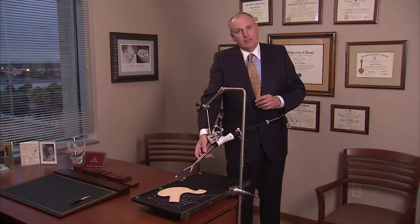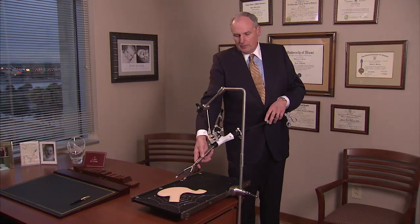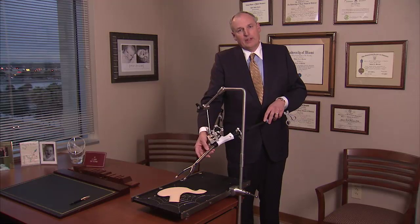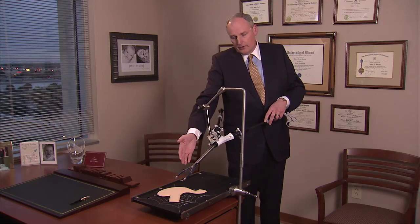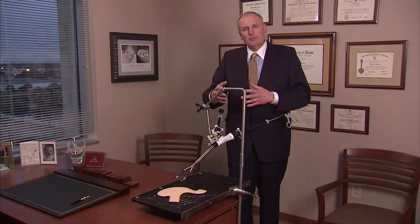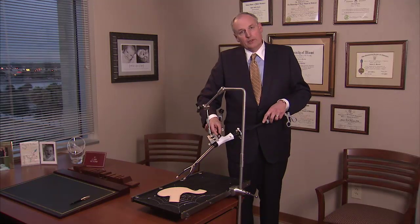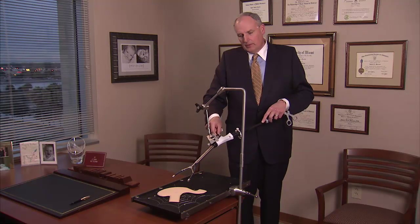Inserted through that small hole to the inside of your abdomen is this spider device. The portion I'm touching here is the portion that actually goes through that small hole. On the inside of your abdomen will be these arms that, like an umbrella as you open the arms, are able to be opened following insertion into the abdomen.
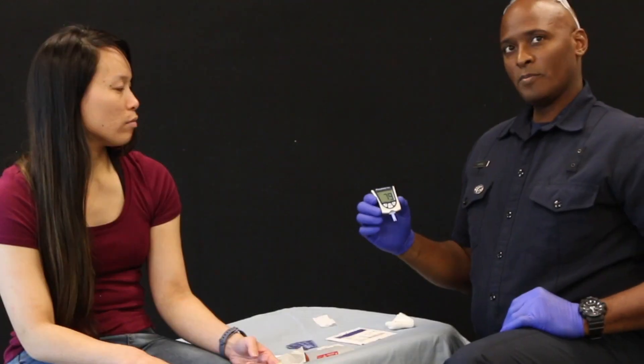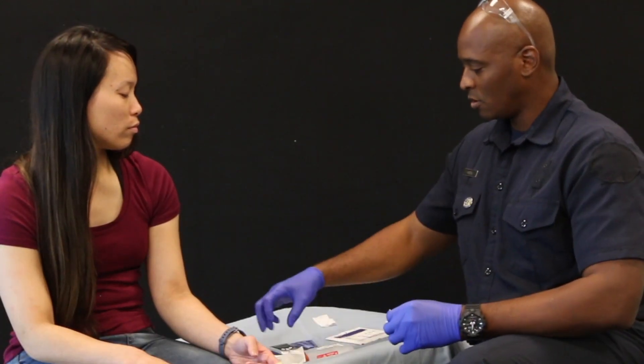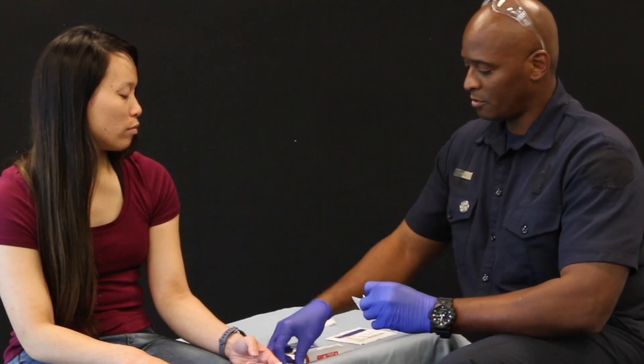Once I'm done with my skill, I will dispose of my materials. Now you know how to assess a blood glucose level during a diabetic emergency.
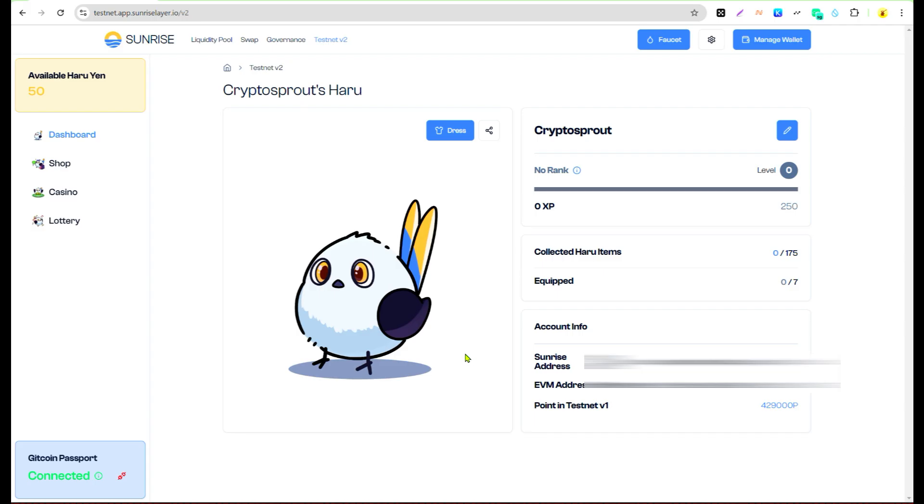I'm coming back after over an hour of trying to make this connection. Make sure you have at least a 16 humanity score on Gitcoin Passport. The only issue is connecting your Gitcoin Passport to Sunrise — if it's giving you problems, just keep trying later. It may show errors like 'data not available' or 'account does not exist' — just try again later, that's what I did and it eventually connected.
..........
--- EXERCISE INSTRUCTIONS ---
Write the material out again exactly. Skip each picture.

--- EXERCISE RESULT ---
Inserted through that small hole to the inside of your abdomen is this spider device. The portion I'm touching here is the portion that actually goes through that small hole. On the inside of your abdomen will be these arms that, like an umbrella as you open the arms, are able to be opened following insertion into the abdomen.
Once I'm done with my skill, I will dispose of my materials. Now you know how to assess a blood glucose level during a diabetic emergency.
I'm coming back after over an hour of trying to make this connection. Make sure you have at least a 16 humanity score on Gitcoin Passport. The only issue is connecting your Gitcoin Passport to Sunrise — if it's giving you problems, just keep trying later. It may show errors like 'data not available' or 'account does not exist' — just try again later, that's what I did and it eventually connected.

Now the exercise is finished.